Records from a dataset

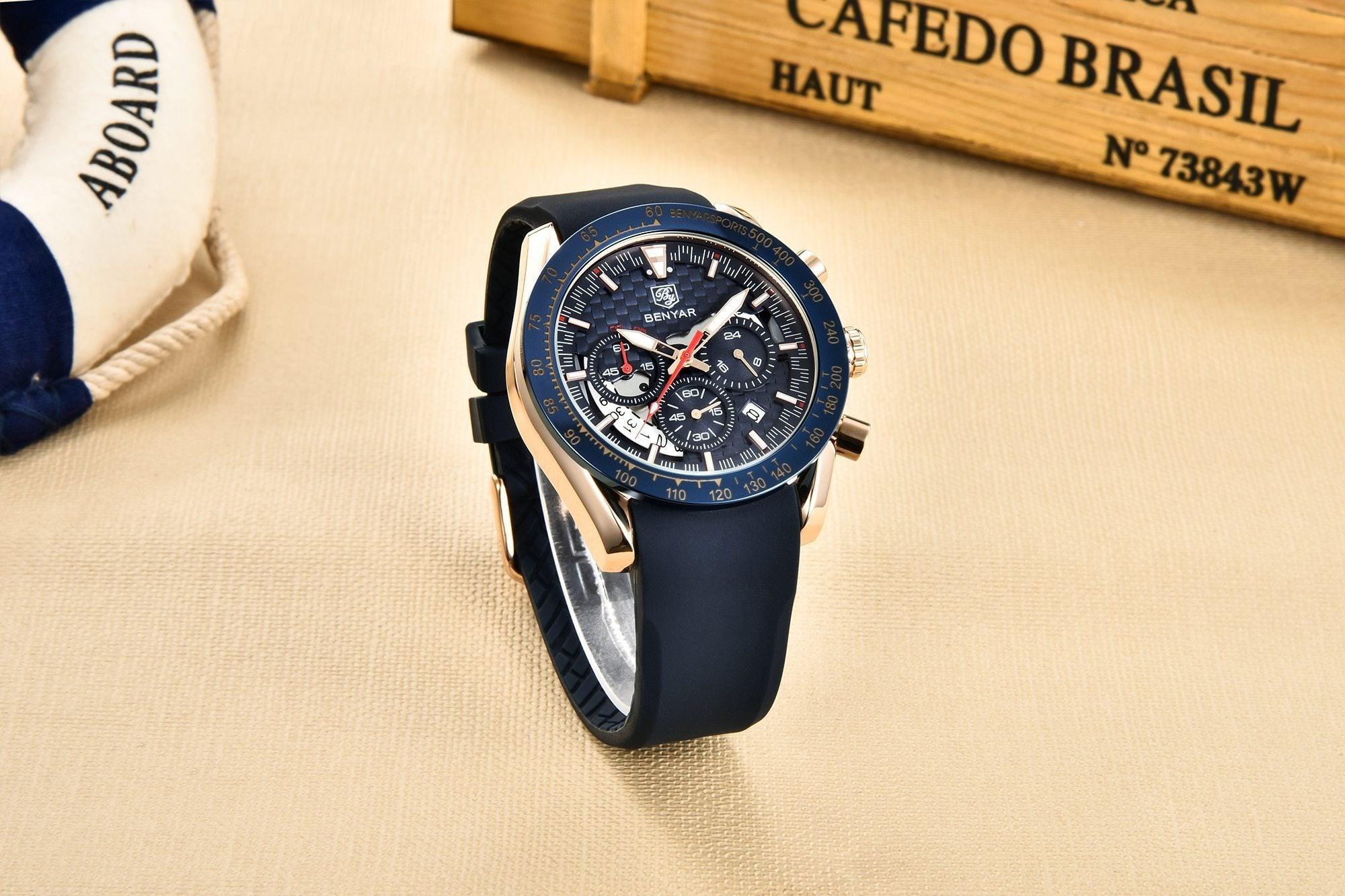 New Men Luxury Watches Leather Strap Waterproof Sport Quartz Chronograph Military Watch Men Clock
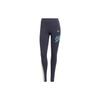 Adidas Letter Logo Print Slim Fit Workout Pants Women Pants Blue HD9774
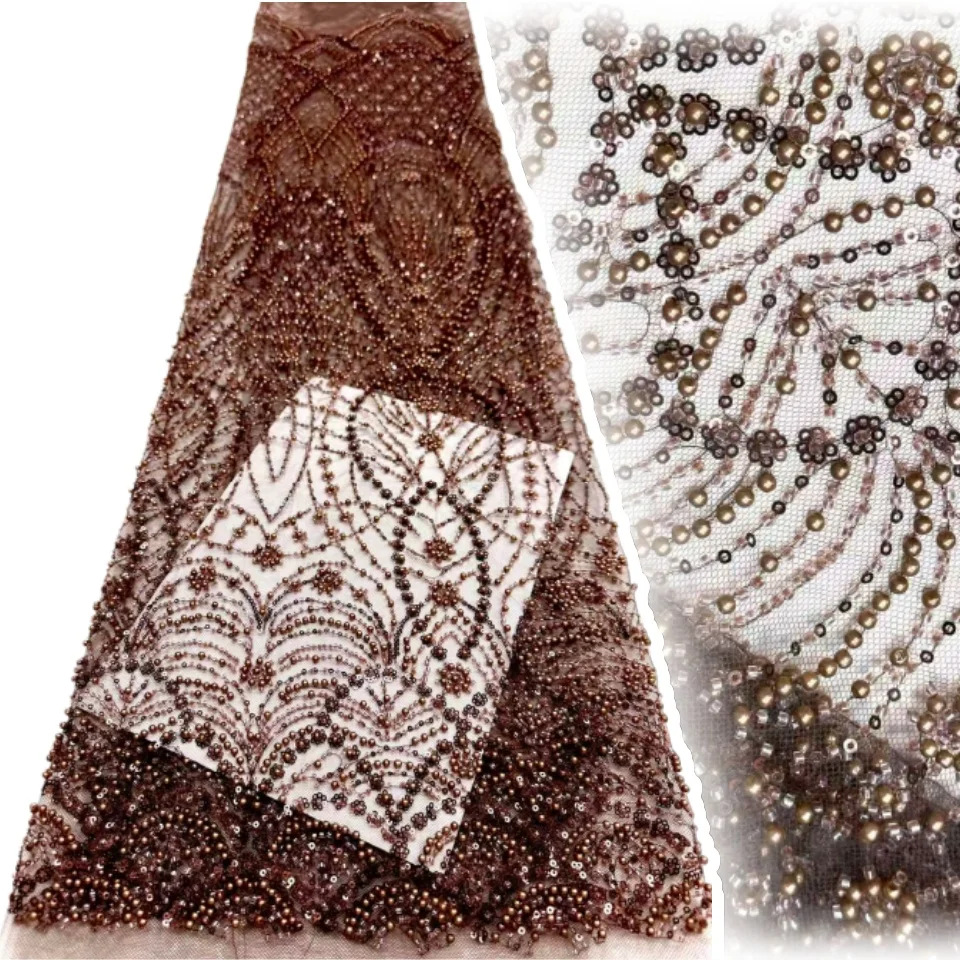 

2026 Nigerian Sequins Lace Fabric Heavy Hand Beaded Luxury French Embroidery Beads for Wedding Latest Style Material 5Yards 1901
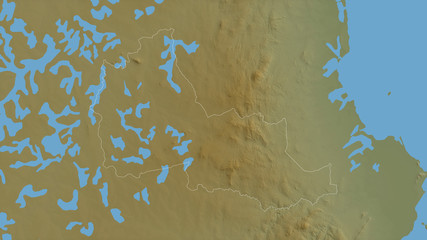 Obraz premium Dowa, Malawi - outlined. Physical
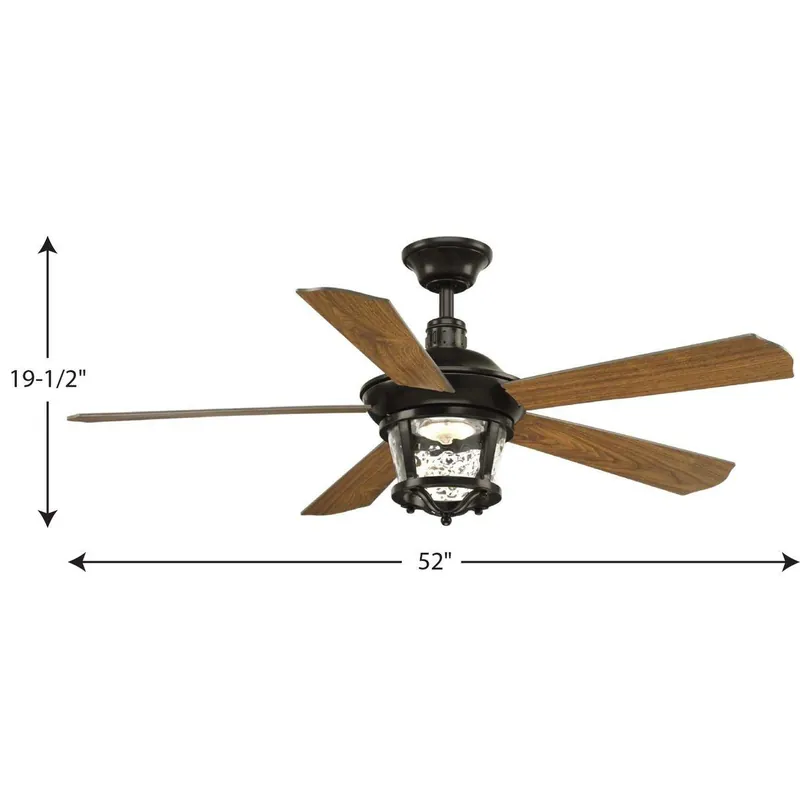 Progress Lighting P2576-2030K Smyrna 58W 5-Blade Indoor Ceiling Fan with 52 in. Blade Span and LED Light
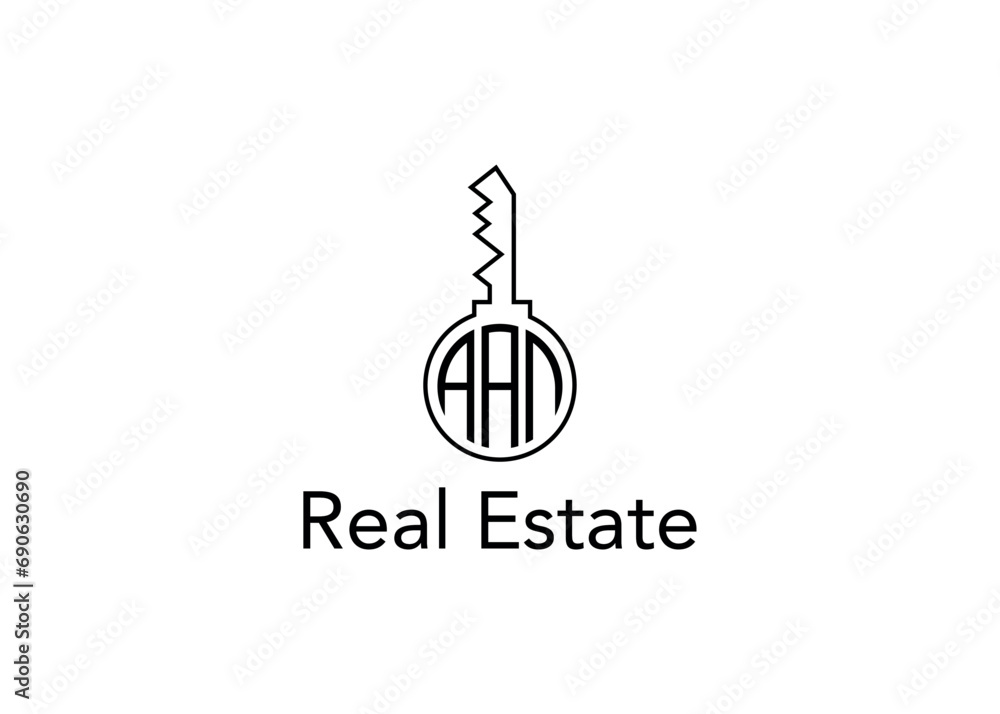 Key Real Estate Business Letter AAN Logo Vector Illustration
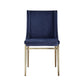 Cid Kinn 22 Inch Dining Chair Set of 2 Gold Base Blue Velvet Upholstery By Casagear Home BM311138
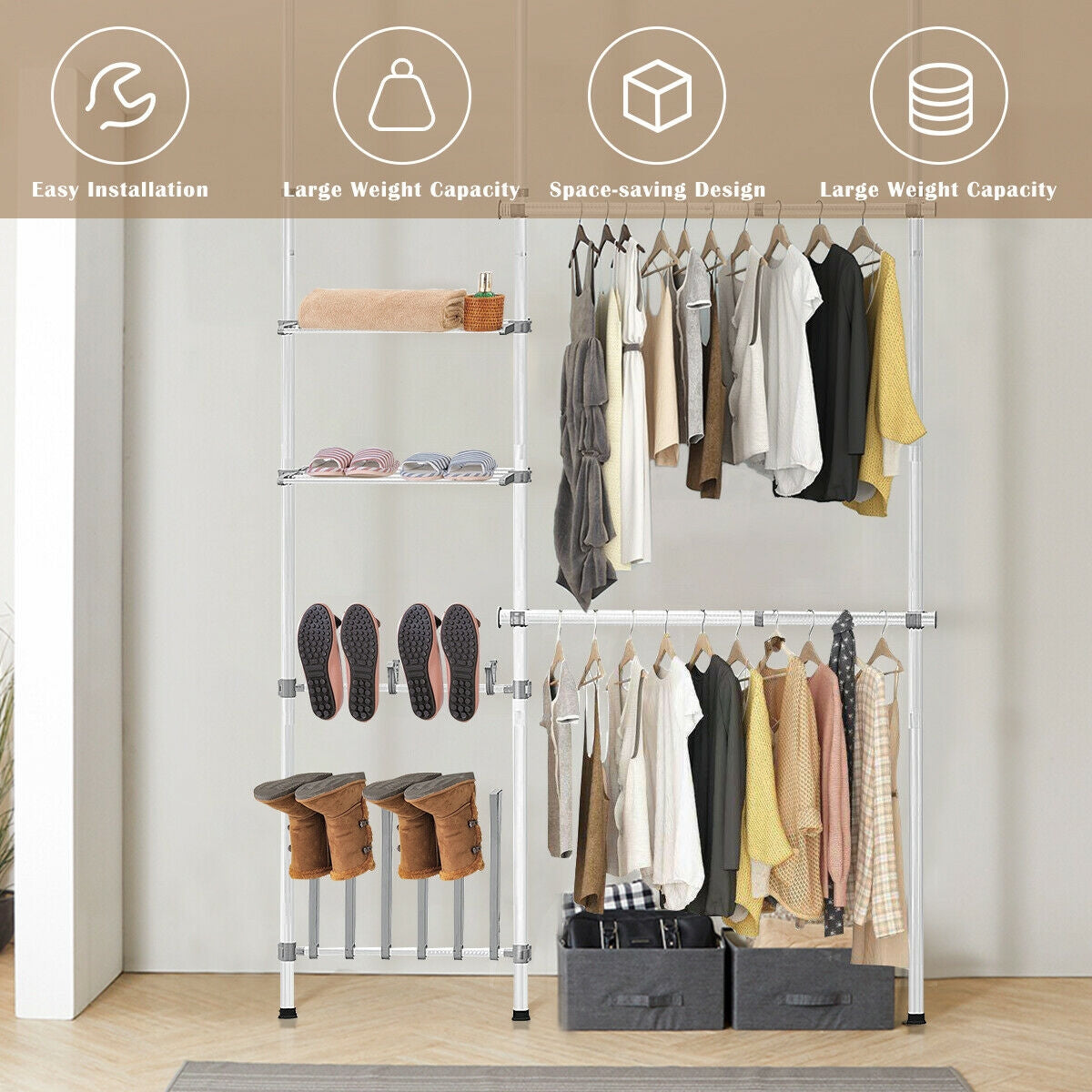 Adjustable 2-Tier Telescopic Garment Rack with Shoe Storage & Shelf – Multi-Functional Clothes Organizer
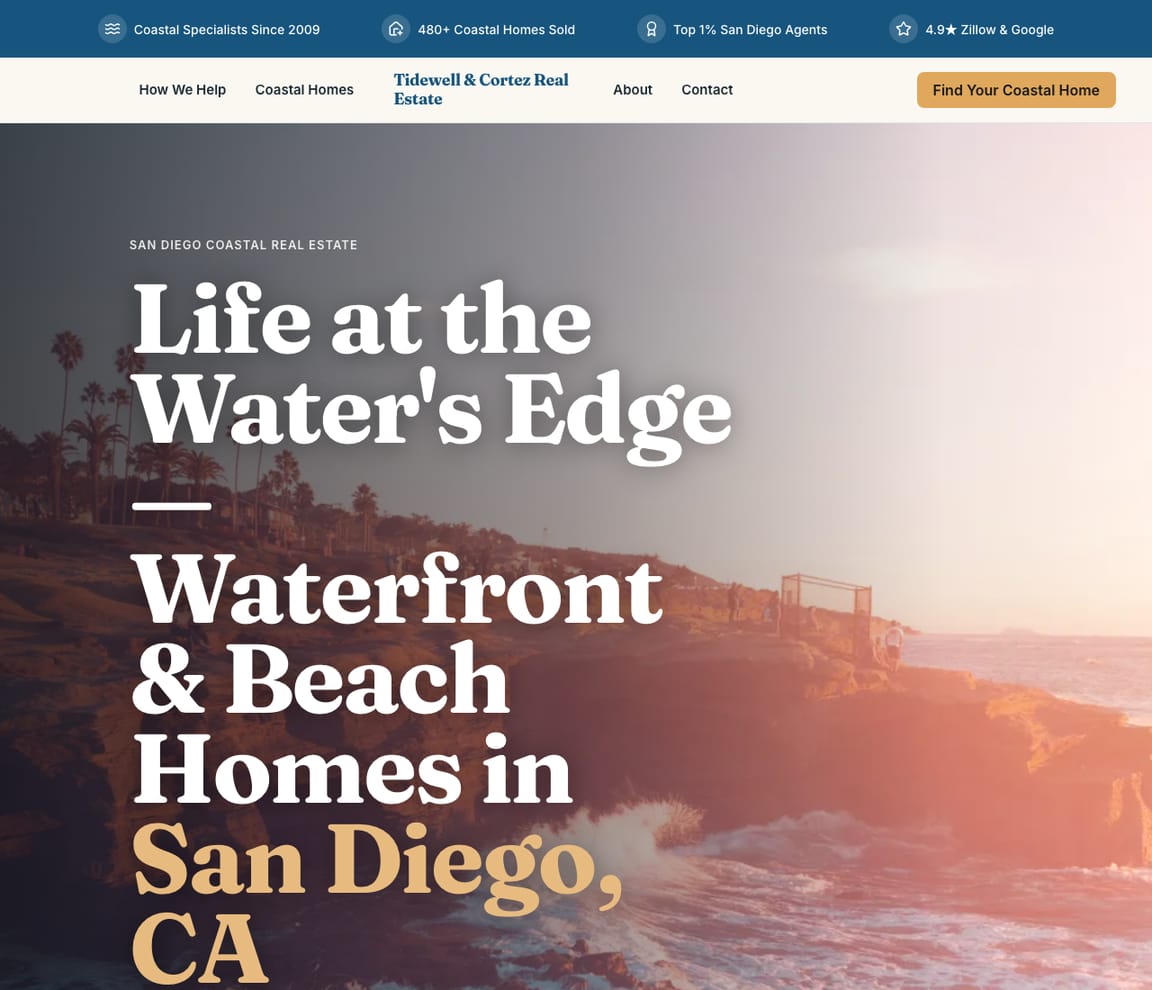 Waterfront & Beach Home Agent website template preview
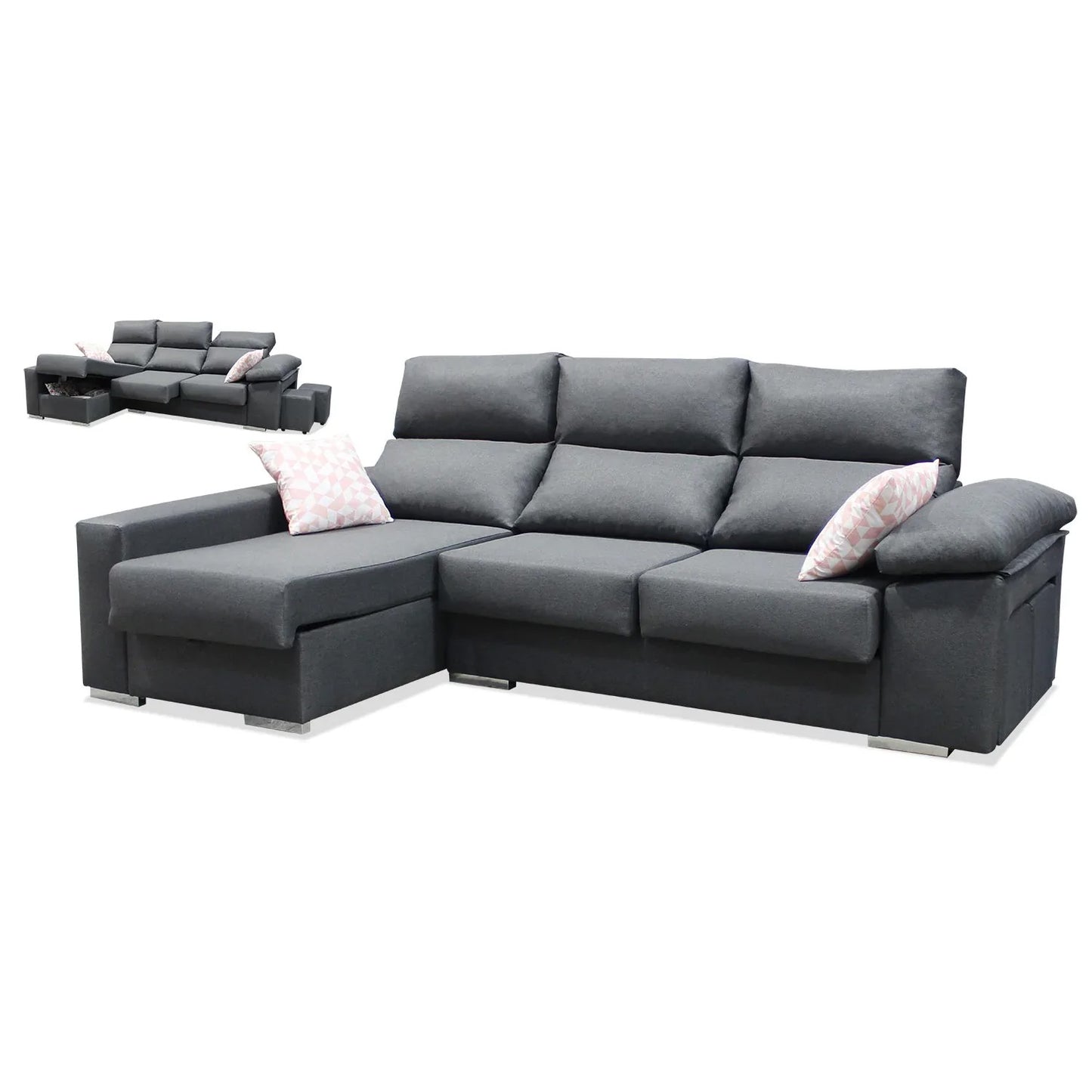 Sofá chaiselongue Madrid 268 cm. reclinable, extensible, arcón abatible y pufs.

#### [PROBLEM]
Quote precisely the lines of the data from the line containing "Obraz premium Dowa, Malawi" through its final line, both included, excluding pictures.

#### [RESULT]
 Obraz premium Dowa, Malawi - outlined. Physical
 Progress Lighting P2576-2030K Smyrna 58W 5-Blade Indoor Ceiling Fan with 52 in. Blade Span and LED Light
 Key Real Estate Business Letter AAN Logo Vector Illustration
 Cid Kinn 22 Inch Dining Chair Set of 2 Gold Base Blue Velvet Upholstery By Casagear Home BM311138
 Adjustable 2-Tier Telescopic Garment Rack with Shoe Storage & Shelf – Multi-Functional Clothes Organizer
 Waterfront & Beach Home Agent website template preview
 Sofá chaiselongue Madrid 268 cm. reclinable, extensible, arcón abatible y pufs.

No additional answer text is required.